Les premiers articles de presse faisant état d’irrégularités dans les marchés publics apparaissent en 2006. Bien plus tard, on apprendra qu’un favoritisme « systématique » (85 % des appels d’offres) a prévalu, selon des enquêtes menées entre 2004 et 2011, dans l’attribution des marchés publics. La suite sera de la même veine.
La privatisation des entreprises publiques a constitué un autre vecteur de distribution des rentes. Avec un contrôle bureaucratique et judiciaire des privatisations réduit d’année en année, rappelle M. Tatli, les licences minières et énergétiques ont été, elles, cédées à des holdings proches de l’AKP pour une fraction de leur valeur réelle. La tendance est même largement à la hausse. Depuis 2024, Ankara a engagé une vaste simplification administrative pour les mines, les barrages et les infrastructures énergétiques.
Médias liés à l’Etat
La collecte de l’impôt constitue un autre mécanisme par lequel les acteurs économiques proches des cercles du pouvoir bénéficient d’avantages. Ils peuvent par exemple négocier avec le gouvernement pour réduire le montant des pénalités fiscales dont ils sont redevables. Les groupes Cengiz et Albayrak ont ainsi pu obtenir de l’Etat une réduction de plus de 90 % de leurs pénalités.

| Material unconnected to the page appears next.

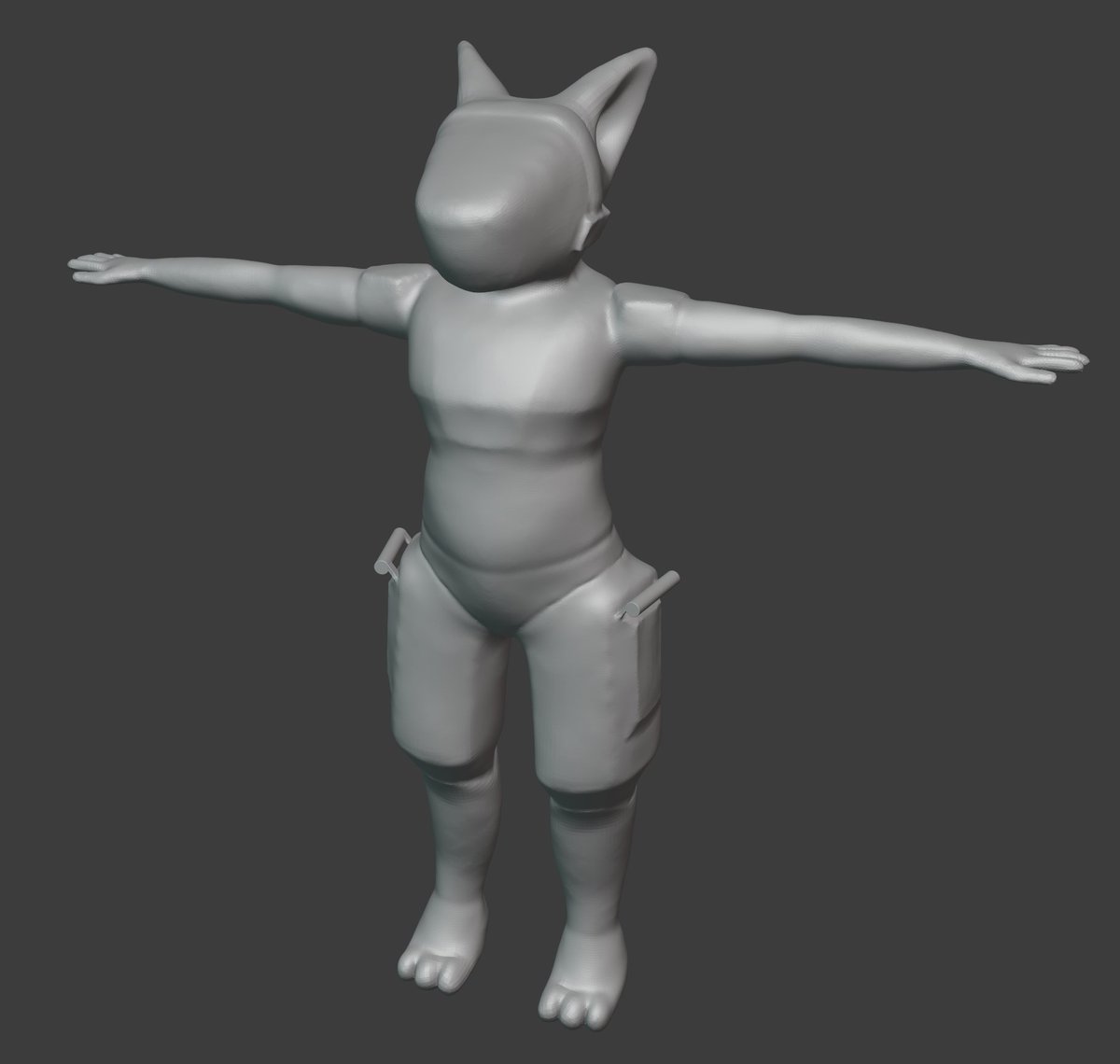 Aaaaaaaaaaaaand there we go! This is the completed mesh of Wiz, so now I need to export this and make him low poly so that my computer doesn't kill itself trying to animate this. I have a feeling though that his fur is gonna do that tho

Au contraire, les sanctions peuvent être lourdes pour les récalcitrants. Le ministère des finances de l’AKP n’a fait preuve d’aucune clémence envers les acteurs économiques critiques du parti. Après des articles jugés négatifs à l’égard du gouvernement, le groupe de presse Dogan a été frappé par une série de redressements fiscaux. Contraint de payer une amende de près de 3 milliards de dollars, il a cédé en 2011 deux de ses journaux à grand tirage à Demirören Holding, proche du pouvoir. Koç Holding et Boydak Holding ont également été confrontés à des problèmes similaires après que certaines de leurs actions ont été interprétées comme un acte de dissidence. Aujourd’hui, on estime que plus de 90 % des médias turcs appartiennent à des groupes ayant des intérêts économiques étroitement liés à l’Etat et aux marchés publics.
Dans un texte publié en mai sur son compte Substack, l’ancienne journaliste Ezgi Basaran, politologue à l’université d’Oxford, a résumé la situation de la sorte : « Erdogan gouverne comme le PDG d’un système dense et imbriqué de contrats, de licences, de partenariats étrangers et de dispositifs sécuritaires – et sa longévité politique repose sur sa capacité avérée à offrir de la prévisibilité aux intérêts qui dépendent de ce système. »
Un dernier exemple est venu du quotidien d’opposition BirGün. D’après une de ses enquêtes publiée le 20 mai, le journal affirme que trois banques publiques, Vakiflar, Halk et Ziraat, ont inondé de contrats publicitaires les journaux progouvernementaux, entre janvier et mars, pour un montant de 29 millions d’euros. De quoi huiler les rouages pendant encore un certain temps.